Los obispos Eduardo Carmona Ortega (Córdoba) y Eduardo Cervantes (Orizaba) se indignan más porque se les exhibe como omisos que por el hecho de que un sacerdote de su iglesia está vinculado a proceso por pederastia agravada y recluido en el penal de La Toma. Su actitud contradice los discursos de “protección a menores” y “amor al prójimo”.
Ese silencio no es prudencia, es una estrategia de encubrimiento. Y mientras callan, sectores de la feligresía difaman a la víctima, llamándola “endemoniada” o poniendo en duda su testimonio, aun cuando existen pruebas judiciales. Se repite el mismo patrón de protección al agresor y revictimización de quien denuncia.

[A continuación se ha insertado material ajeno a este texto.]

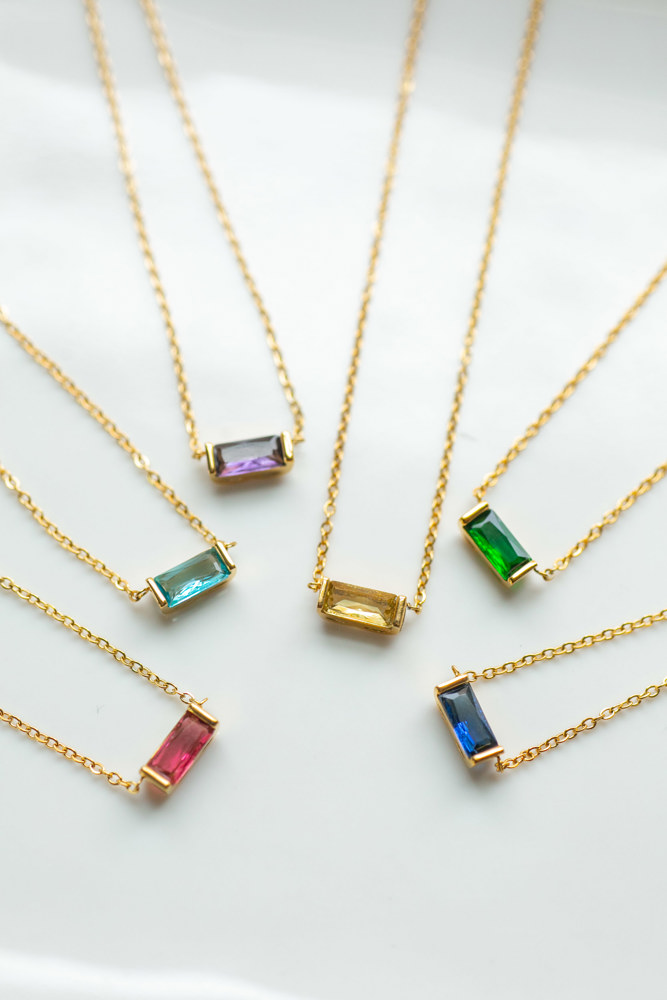 Baguette Birthstone Necklace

La Diócesis de Veracruz, aunque tardía, dio al menos un pronunciamiento. Córdoba y Orizaba prefirieron el mutis, y esa omisión no es neutralidad: es complicidad.
La crisis de la Iglesia mexicana no está solo en los sacerdotes acusados, sino en los jerarcas que, por cálculo político, eligen callar. Ese silencio los coloca del lado del agresor. Cuando se guarda silencio ante el dolor de las víctimas, no es fe, es encubrimiento.